# E-Tec or Verado



## Nick Roehl (Mar 7, 2002)

Looking at a new book, and leaning towards an E-Tec. Does anybody have an educated opinon on either of these motors. Any help would be welcomed. Thanks
Nick Roehl


----------



## luveyes (Jan 22, 2005)

I have fished out of 3 E-tecs on Rangers.

I personally wouldnt own one for a few reasons.
1) seen failure in too many of them (2 in my limited experience)
2) felt that holeshot was poor, vs what has been hyped by media, Opti would smoke it out of the hole in the boats I have been in.
3) Kinda noisy for me, I also would lean away from optis due to the same reason

Positives
1) newer technology, with less maintainence (not 0 maint as they would have you think)
2) "decent" fuel economy
3) fast

I personally dont have any experience with Verados, however if I were buying new I would have to chose between a Verado and a Suzuki. Both very quiet, fuel efficient (depending on WOT vs cruising RPMs), smooth, quiet, quiet, and dependable. I dont really like the idea of more upkeep with the Verado vs most of the competition.

This is my limited impression and belief as I have been in a few E-tec equipped boats, no Verados, and 1 Suzuki.

I have turned into a 4 stroke guy, just like jumping into your car; start everytime, not coldblooded, quiet, and smell free for the most part.


----------



## duckslayer (Oct 30, 2003)

I would not own a verado. Have been in boats with them and the owners never had much good to say about them besides the digital shift troll mode. I have talked to guys who love them, but the guys I've been on the water with didnt care for the gas mileage. They drink gas and are a heavy, expensive motor. Have been in boats with the etec. Sweet motor, lots of power, good top end speed and pretty quiet. But, I know of guys who have blown them up or had other problems. The suzuki is a good motor, have never heard anything bad about them at all. Same with yamaha 4 strokes, good motors. The new opti max motors are way quieter than in years past and get as good of mileage as a four stroke with better power IMO. I was actually quite impresed with the new optis, the old ones were loud and I didnt think they would change much but they changed a lot. If i were buying new it would be the opti followed by yamaha or suzuki.


----------



## Traxion (Apr 16, 2004)

What HP are you looking at? That makes a difference!


----------



## Nick Roehl (Mar 7, 2002)

Looking at a 18.5ft boat so probably a 150hp. Have never had a boat over 18ft so 150 to 175 should be enough, right?


----------



## duckslayer (Oct 30, 2003)

What kind of boat? What is the max hp?


----------



## Traxion (Apr 16, 2004)

You're in the ballpark with that HP range and size of boat. I've done a lot of research lately and am sold on the 4 strokes, espescially in the HP range you're talking.

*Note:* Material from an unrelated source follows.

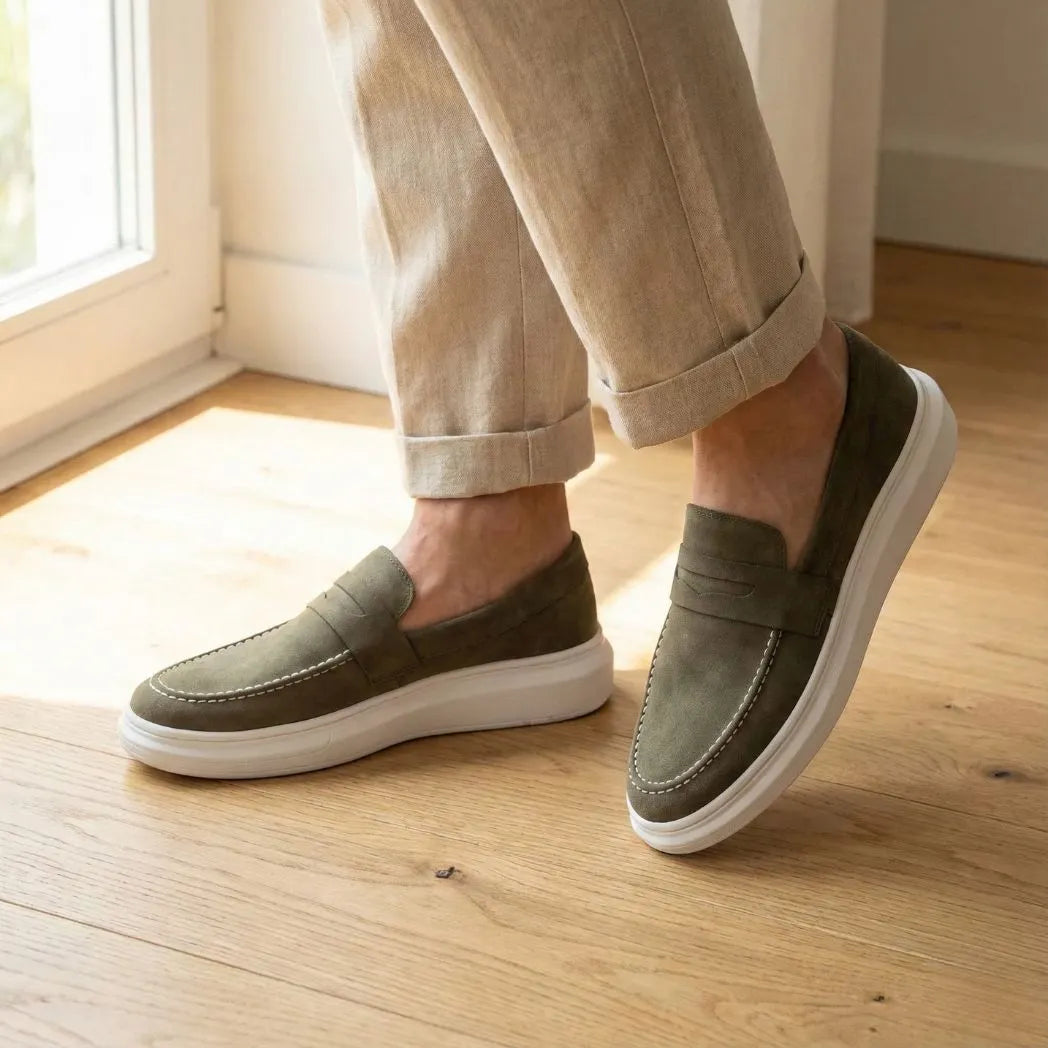 Mocassim Derby de Camurça: par verde-oliva com sola branca usado com calça clara dobrada na barra.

The 150 HP Yammy 4s is a top notch motor. I've spent time around these motors and they are very nice. Would definately be high on the list. The Suzuki 4s motors are also getting very high reviews. Merc is there too, but I'd lean towards the Yammy and Suzi first. If you're going to the 175, the Suzi would probably be my choice (don't know that Yammy has a 175 4s). The Verado, either 150 or 175 would be a nice motor. Relatively new but they're lighter than their big brothers. Fuel economy at WOT would be my only concern, but in reality the Verado at cruise speeds gets just as good if not better than any other motor. That WOT really sucks the gas though. Overall reliability of the 4s motors seems phenomenal. Very much like car motors.

As for two strokes, the Opti would be first in line. It seems like they've got the mid range Optis figured out pretty well. Not near as loud as they used to be and very reliable. Yamaha mid ranges 2s motors are also good motors from my research, though not as popular. The Etec in this range is probably as good as the Merc, but I'm just no sold on them yet. Performance is very good, but still some reliability issues.

The mid range 4s don't seem to have the getup that the 2s have. Top speed is close though. But, the 4s is quieter. Fuel mileage has got to be close between the 4s and 2s, I don't have any hard #'s to back that up though. Good luck!


----------



## Nick Roehl (Mar 7, 2002)

Looking at a Lund Tyee 18.5, max. is 175hp.


----------